Statuant à nouveau et y ajoutant,
Prononce la résolution du contrat de vente conclu le 22 août 2016 entre M. [Z] et Mme [H] du véhicule de marque Renault Megane Scenic immatriculée [Immatriculation 5] au prix de 1 700 €.
Condamne M. [C] [Z] à rembourser à Mme [F] [H] le prix de vente de 1 700 €, avec intérêts au taux légal à compter de la mise en demeure du 2 octobre 2019.
Fixe le point de départ de la capitalisation des intérêts au 2 octobre 2019, soit une date de première capitalisation au 2 octobre 2020.

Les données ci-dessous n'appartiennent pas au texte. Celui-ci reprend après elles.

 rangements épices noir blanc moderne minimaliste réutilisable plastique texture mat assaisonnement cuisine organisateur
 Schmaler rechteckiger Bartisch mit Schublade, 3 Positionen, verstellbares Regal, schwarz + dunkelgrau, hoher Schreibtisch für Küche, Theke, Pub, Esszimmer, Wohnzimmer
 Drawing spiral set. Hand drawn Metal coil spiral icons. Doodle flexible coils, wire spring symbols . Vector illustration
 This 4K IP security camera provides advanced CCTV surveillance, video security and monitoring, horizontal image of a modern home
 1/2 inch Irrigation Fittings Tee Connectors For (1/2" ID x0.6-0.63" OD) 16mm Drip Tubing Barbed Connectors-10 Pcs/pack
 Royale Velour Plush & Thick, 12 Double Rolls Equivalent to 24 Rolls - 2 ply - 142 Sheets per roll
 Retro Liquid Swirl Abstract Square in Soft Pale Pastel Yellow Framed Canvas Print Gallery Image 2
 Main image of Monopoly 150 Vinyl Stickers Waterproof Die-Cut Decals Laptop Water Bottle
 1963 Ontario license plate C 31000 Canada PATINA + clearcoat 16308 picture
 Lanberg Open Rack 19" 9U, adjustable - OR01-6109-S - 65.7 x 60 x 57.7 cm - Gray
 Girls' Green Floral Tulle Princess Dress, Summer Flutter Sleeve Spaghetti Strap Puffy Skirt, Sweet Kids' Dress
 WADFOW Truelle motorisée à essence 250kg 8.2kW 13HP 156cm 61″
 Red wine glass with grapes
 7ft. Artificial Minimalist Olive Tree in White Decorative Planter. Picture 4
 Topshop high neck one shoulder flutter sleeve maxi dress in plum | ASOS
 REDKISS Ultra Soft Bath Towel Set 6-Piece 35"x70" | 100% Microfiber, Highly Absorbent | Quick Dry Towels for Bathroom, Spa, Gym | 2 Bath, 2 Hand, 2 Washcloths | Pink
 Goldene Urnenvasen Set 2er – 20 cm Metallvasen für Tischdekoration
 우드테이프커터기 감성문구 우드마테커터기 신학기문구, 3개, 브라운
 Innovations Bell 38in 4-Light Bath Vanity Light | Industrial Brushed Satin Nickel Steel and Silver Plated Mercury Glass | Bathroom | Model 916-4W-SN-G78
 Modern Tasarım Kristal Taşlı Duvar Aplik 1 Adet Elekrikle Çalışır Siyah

Condamne Mme [F] [H] à restituer le véhicule à M. [C] [Z] après restitution du prix, aux frais de celui-ci ;
À défaut de reprise du véhicule par M. [Z] dans le délai de trois mois à compter du jour du parfait remboursement du prix de vente, autorise Mme [F] [H] à disposer à sa guise dudit véhicule.
Condamne M. [C] [Z] à payer à Mme [F] [H] les sommes de :
– 300 € au titre des frais d’honoraires de démarches amiables,
– 500 € au titre du préjudice moral.
Rejette la demande de report des intérêts légaux au jour de la mise en demeure pour les indemnités allouées à la cour.
Rejette les demandes de Mme [H] au titre de son préjudice de jouissance et au titre du remboursement des primes d’assurances.
Rejette la demande de Mme [H] fondée sur les dispositions de l’article 700 du code de procédure civile.
Condamne M. [C] [Z] à payer à Mme [F] [H] la somme de 3 400 € au titre de l’article 700 du code de procédure civile pour les frais de première instance et d’appel en application de l’article 37 de la loi du 10 juillet 1991.
Condamne M. [C] [Z] aux entiers dépens de première instance et d’appel.
Le présent arrêt a été signé par Mme FAURE, Présidente, et par Mme DEBON, faisant fonction de Greffière, auquel la minute de la décision a été remise par la magistrate signataire.